Toen ik bijna 14 was, en voor redenen die alleen bij mijn moeder bekend zijn, mocht ik van haar een eekhoorn-aapje kopen in de dierenwinkel. Een eekhoorn-aapje is een Centraal en Zuid-Amerikaans aapje, ongeveer 30 cm. groot; in die tijd kon men in de VS aapjes als huisdier kopen.

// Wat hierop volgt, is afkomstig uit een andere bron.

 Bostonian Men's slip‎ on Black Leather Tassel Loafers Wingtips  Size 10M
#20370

Ik denk dat mijn moeder dacht, toen ze zag dat haar oudste kind er nog niet overheen was dat vader het gezin had verlaten, zo’n 1 ½ jaar daarvoor, dat een huisdier voor mij, waar ik voor zou moeten zorgen en lief hebben, genezend zou kunnen werken. Ik noemde haar Tilly, al weet ik niet meer waarom ik haar juist die naam gaf.

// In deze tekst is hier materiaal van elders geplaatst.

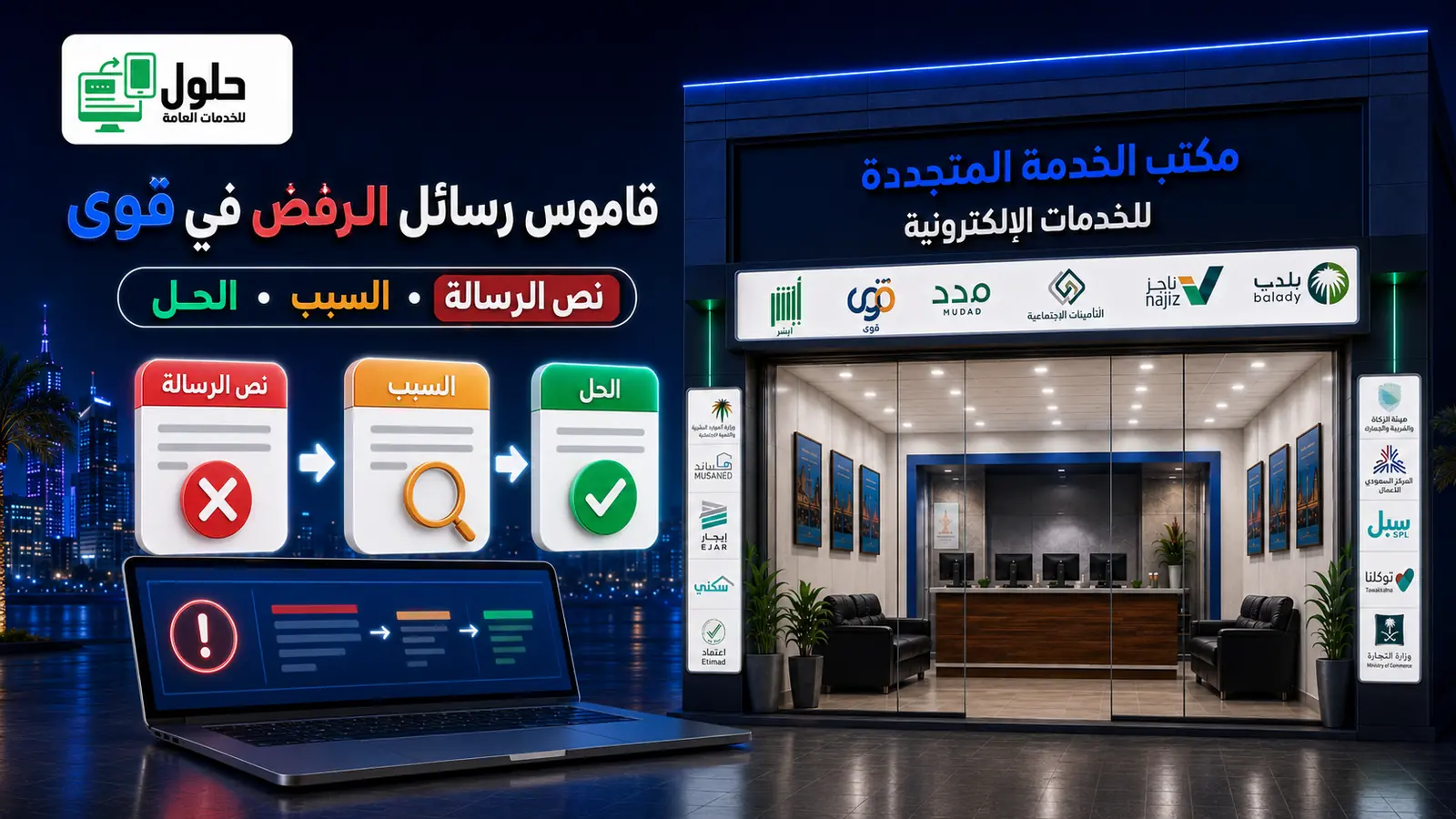 قاموس رسائل الرفض في منصة قوى لأصحاب المنشآت في جدة 2026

Tilly was aan het begin erg schuw, en in de dierenwinkel klampte ze zich vast aan de andere aapjes die bij haar in de kooi zaten. Misschien was het haar hulpbehoevendheid dat resoneerde met mijn eigen pijn dat me tot haar aantrok, maar als jonge tiener begreep ik die krachten in mij nog niet. Ze kwam thuis, niet zeker betreffende mij en mijn bedoelingen, onzeker, ze reageerde niet op mijn stem, en de eerste dagen at ze zelfs niet.

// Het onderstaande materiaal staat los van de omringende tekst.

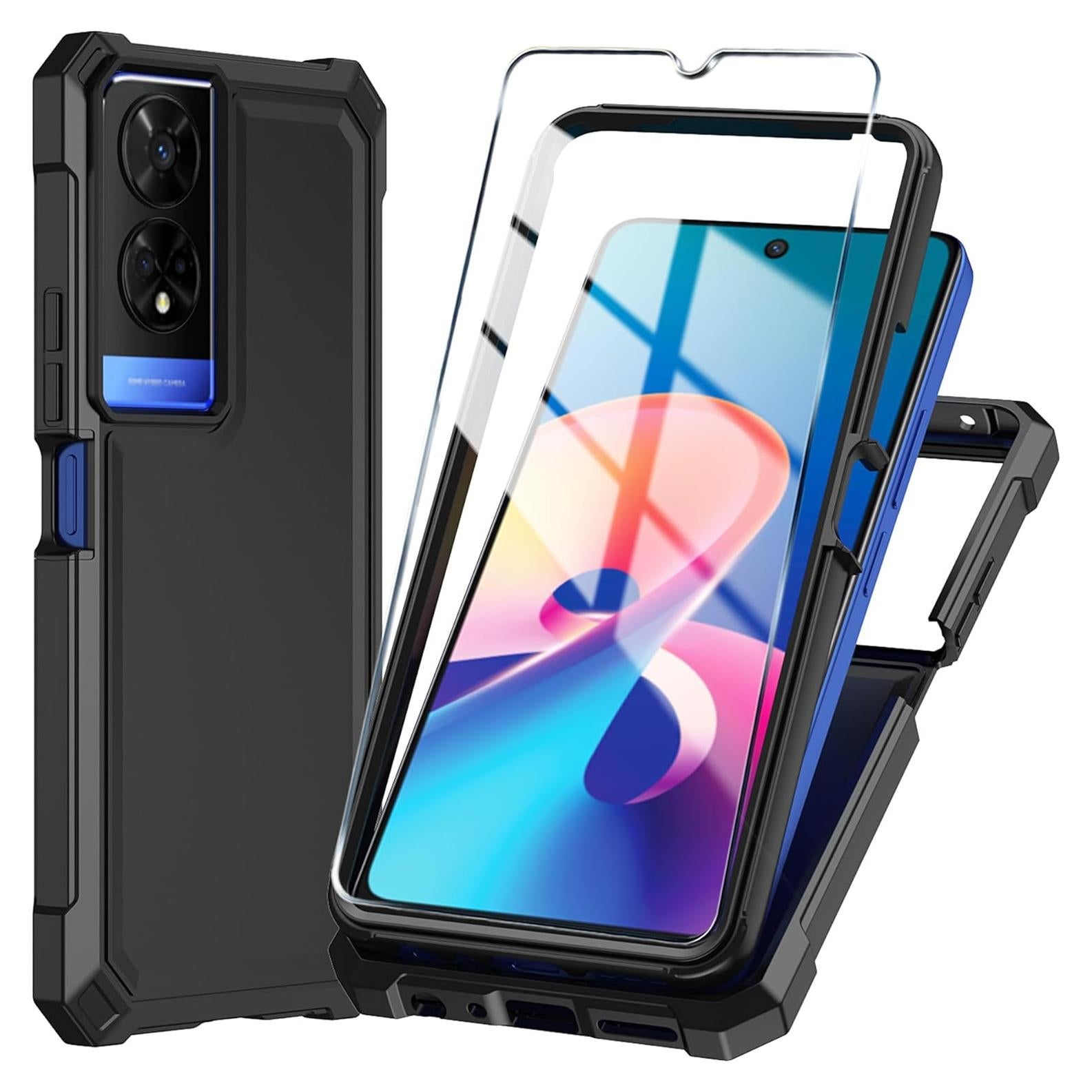 Funda protectora TCL 50 XE 5G con vidrio templado - Negro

De manier waarop ze reageerde, doet me denken aan christenen, als er een gesprek over gemeenschap met de Vader ontstaat. Religie maakt een kooi van onzekerheid en angst rondom mensen, dwingt ze in een hoekje, nerveus naar de Vader turend vanachter hun beschermende tralies van angst, onzeker over Zijn ware intenties ten opzichte van hen.
Gemeenschap met de Vader en Zoon
Toen de apostel Johannes zijn eerste brief opende, zei hij dit: “….hetgeen wij gezien en gehoord hebben, verkondigen wij ook u, opdat ook gij met ons gemeenschap zoudt hebben. en onze gemeenschap is met de Vader en met Zijn Zoon Jezus Christus.”
Duidelijk dat hij in zijn geest onderscheid kon maken tussen de Vader en de Zoon, en daar wil ik het deze week over hebben, en hoe je een persoonlijk woord van de Vader of Zoon kunt ontvangen.
Hoe voelt het, gemeenschap hebben met de Vader?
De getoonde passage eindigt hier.